Output 22.1.2: Censored Model with One Node and Two Threads: Summary
Parameter Estimates | |||||
---|---|---|---|---|---|
Parameter | DF | Estimate | Standard Error |
t Value | Approx Pr > |t| |
Intercept | 1 | 2.220379 | 0.222201 | 9.99 | <.0001 |
x1 | 1 | 3.055533 | 0.201620 | 15.15 | <.0001 |
x2 | 1 | 4.000176 | 0.201570 | 19.85 | <.0001 |
x3 | 1 | 1.852740 | 0.201555 | 9.19 | <.0001 |
x4 | 1 | 4.170266 | 0.201533 | 20.69 | <.0001 |
x5 | 1 | -3.010679 | 0.201458 | -14.94 | <.0001 |
x6 | 1 | -5.176016 | 0.201541 | -25.68 | <.0001 |
x7 | 1 | -2.695948 | 0.201671 | -13.37 | <.0001 |
_Sigma | 1 | 399.997845 | 0.261930 | 1527.12 | <.0001 |
In the following statements, the PERFORMANCE statement is modified to use a grid with 10 nodes, with each node capable of spawning eight threads:
proc hpqlim data=simulate ; performance nthreads=8 nodes=10 details host="&GRIDHOST" install="&GRIDINSTALLLOC"; model y=x1-x7 /censored(lb=0 ub=400); run;
The second model which was run on a grid with 10 nodes and eight threads each (Output 22.1.3) took only 1.4 seconds instead of 45.4 seconds to optimize.
Output 22.1.3: Censored Model on Ten Nodes with Eight Threads Each: Performance Table
Because the two models being estimated are identical, it is reasonable to expect that Output 22.1.2 and Output 22.1.4 would show the same results except for the performance. However, in certain circumstances, you might observe slight numerical differences in the results (depending on the number of nodes and threads) because the order in which partial results are accumulated, the limits of numerical precision, and the propagation of error in numerical computations can make a difference in the final result.

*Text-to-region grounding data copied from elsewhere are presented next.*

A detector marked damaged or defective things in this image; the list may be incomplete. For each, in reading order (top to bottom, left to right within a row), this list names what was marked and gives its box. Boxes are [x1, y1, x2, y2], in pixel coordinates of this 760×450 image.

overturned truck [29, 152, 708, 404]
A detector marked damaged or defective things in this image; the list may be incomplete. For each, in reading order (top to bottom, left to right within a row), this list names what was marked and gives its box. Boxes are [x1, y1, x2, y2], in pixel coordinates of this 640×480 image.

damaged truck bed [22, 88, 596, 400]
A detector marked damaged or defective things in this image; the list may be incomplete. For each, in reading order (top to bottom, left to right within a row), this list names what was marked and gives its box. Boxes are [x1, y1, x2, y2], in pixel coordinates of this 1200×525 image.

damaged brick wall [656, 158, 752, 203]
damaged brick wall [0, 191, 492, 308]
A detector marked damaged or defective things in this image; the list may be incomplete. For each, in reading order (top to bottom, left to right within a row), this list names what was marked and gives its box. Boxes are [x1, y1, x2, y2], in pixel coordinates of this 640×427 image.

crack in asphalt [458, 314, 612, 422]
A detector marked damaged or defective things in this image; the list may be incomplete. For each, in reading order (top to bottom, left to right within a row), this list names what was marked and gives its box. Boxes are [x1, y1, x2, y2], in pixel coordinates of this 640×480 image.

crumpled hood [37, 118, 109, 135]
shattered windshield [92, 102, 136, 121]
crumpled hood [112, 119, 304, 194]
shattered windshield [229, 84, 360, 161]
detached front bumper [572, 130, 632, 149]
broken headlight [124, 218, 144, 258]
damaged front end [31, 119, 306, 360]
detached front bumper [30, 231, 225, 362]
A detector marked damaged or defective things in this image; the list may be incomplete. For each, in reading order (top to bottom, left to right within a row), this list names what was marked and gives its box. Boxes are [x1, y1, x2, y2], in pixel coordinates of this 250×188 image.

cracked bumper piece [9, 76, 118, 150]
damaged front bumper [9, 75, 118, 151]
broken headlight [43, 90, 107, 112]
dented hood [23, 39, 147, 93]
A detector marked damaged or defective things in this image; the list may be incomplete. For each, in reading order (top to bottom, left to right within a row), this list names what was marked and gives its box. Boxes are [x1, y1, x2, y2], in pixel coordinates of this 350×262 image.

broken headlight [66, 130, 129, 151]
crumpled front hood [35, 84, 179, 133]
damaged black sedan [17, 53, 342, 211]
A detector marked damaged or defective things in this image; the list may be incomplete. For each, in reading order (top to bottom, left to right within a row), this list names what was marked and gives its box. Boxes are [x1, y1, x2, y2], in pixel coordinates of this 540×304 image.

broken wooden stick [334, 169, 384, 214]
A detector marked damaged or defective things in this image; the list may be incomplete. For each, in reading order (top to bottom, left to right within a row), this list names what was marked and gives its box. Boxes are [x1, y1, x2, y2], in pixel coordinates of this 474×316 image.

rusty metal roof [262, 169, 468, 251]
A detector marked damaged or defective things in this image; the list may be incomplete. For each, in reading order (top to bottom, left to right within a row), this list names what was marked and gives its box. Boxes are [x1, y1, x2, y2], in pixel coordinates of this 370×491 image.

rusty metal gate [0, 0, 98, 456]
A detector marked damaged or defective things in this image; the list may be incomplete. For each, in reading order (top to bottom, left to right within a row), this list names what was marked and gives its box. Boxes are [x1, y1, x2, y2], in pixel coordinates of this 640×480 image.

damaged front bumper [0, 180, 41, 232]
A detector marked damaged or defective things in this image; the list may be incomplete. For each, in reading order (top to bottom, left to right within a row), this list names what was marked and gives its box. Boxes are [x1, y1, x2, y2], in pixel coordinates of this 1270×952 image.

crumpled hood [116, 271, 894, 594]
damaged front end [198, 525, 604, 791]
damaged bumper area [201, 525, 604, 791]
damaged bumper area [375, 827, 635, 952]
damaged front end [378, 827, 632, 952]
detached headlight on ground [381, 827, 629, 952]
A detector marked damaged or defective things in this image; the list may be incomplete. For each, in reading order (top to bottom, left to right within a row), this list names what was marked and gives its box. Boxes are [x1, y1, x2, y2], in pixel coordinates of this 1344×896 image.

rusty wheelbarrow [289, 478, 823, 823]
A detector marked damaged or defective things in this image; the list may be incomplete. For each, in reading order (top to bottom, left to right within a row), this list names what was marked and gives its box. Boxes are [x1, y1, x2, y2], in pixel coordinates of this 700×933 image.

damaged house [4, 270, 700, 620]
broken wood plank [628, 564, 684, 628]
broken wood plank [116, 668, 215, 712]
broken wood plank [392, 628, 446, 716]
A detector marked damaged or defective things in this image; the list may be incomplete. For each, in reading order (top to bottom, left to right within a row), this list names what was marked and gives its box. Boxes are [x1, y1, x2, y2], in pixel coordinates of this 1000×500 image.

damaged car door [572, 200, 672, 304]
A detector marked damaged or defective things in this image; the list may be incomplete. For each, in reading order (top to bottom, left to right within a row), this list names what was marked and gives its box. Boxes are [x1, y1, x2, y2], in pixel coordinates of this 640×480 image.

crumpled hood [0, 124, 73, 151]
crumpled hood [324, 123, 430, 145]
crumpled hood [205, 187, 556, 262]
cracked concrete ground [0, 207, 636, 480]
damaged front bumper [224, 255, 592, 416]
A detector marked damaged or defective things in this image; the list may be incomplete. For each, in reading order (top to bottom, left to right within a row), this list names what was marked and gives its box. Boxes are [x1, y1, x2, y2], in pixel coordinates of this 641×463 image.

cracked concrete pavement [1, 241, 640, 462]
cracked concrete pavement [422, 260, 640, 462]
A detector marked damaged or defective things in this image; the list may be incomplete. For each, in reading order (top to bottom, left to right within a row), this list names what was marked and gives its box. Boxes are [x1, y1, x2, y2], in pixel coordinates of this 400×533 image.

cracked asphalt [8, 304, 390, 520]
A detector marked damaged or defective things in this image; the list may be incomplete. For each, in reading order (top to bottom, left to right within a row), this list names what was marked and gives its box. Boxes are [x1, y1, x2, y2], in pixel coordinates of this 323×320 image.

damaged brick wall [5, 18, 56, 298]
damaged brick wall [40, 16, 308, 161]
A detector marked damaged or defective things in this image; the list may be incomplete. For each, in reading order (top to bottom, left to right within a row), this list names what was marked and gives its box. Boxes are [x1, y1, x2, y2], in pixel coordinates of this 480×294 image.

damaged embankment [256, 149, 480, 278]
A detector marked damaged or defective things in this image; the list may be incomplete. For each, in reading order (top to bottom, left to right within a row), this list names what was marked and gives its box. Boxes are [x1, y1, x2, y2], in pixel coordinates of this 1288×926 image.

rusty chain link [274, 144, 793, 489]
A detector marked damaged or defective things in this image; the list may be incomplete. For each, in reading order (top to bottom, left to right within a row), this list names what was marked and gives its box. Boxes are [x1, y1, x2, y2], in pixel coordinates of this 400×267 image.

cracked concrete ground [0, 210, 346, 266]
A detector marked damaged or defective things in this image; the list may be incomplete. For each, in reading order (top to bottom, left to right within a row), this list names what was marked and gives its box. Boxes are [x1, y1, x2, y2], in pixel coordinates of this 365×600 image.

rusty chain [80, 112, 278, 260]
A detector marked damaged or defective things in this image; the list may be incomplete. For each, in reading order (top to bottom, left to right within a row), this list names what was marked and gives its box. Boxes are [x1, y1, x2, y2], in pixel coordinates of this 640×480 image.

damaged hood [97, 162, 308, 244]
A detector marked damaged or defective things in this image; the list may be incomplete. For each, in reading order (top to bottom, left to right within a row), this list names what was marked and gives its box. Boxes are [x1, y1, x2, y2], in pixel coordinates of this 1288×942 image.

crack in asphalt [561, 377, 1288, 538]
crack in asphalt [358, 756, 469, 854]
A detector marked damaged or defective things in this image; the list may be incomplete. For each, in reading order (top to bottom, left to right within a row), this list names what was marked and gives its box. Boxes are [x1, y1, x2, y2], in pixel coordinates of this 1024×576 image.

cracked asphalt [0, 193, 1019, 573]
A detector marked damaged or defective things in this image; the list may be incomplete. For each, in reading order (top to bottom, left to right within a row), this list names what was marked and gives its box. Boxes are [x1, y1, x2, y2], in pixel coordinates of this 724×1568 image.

Output 22.1.4: Censored Model on Ten Nodes with Eight Threads Each: Summary
Parameter Estimates | |||||
---|---|---|---|---|---|
Parameter | DF | Estimate | Standard Error |
t Value | Approx Pr > |t| |
Intercept | 1 | 2.220358 | 0.222201 | 9.99 | <.0001 |
x1 | 1 | 3.055491 | 0.201620 | 15.15 | <.0001 |
x2 | 1 | 4.000196 | 0.201570 | 19.85 | <.0001 |
x3 | 1 | 1.852735 | 0.201555 | 9.19 | <.0001 |
x4 | 1 | 4.170323 | 0.201533 | 20.69 | <.0001 |
x5 | 1 | -3.010670 | 0.201458 | -14.94 | <.0001 |
x6 | 1 | -5.176019 | 0.201541 | -25.68 | <.0001 |
x7 | 1 | -2.695886 | 0.201671 | -13.37 | <.0001 |
_Sigma | 1 | 399.997846 | 0.261930 | 1527.12 | <.0001 |
As this example suggests, increasing the number of nodes and the number of threads per node improves performance significantly. When you use the parallelism that a high-performance distributed environment affords, you can see an even more dramatic reduction in the time required for the optimization as the number of observations in the data set increases. When the data set is extremely large, the computations might not even be possible with the typical memory resources and computational constraints of a desktop computer. Under such circumstances the high-performance distributed environment becomes a necessity.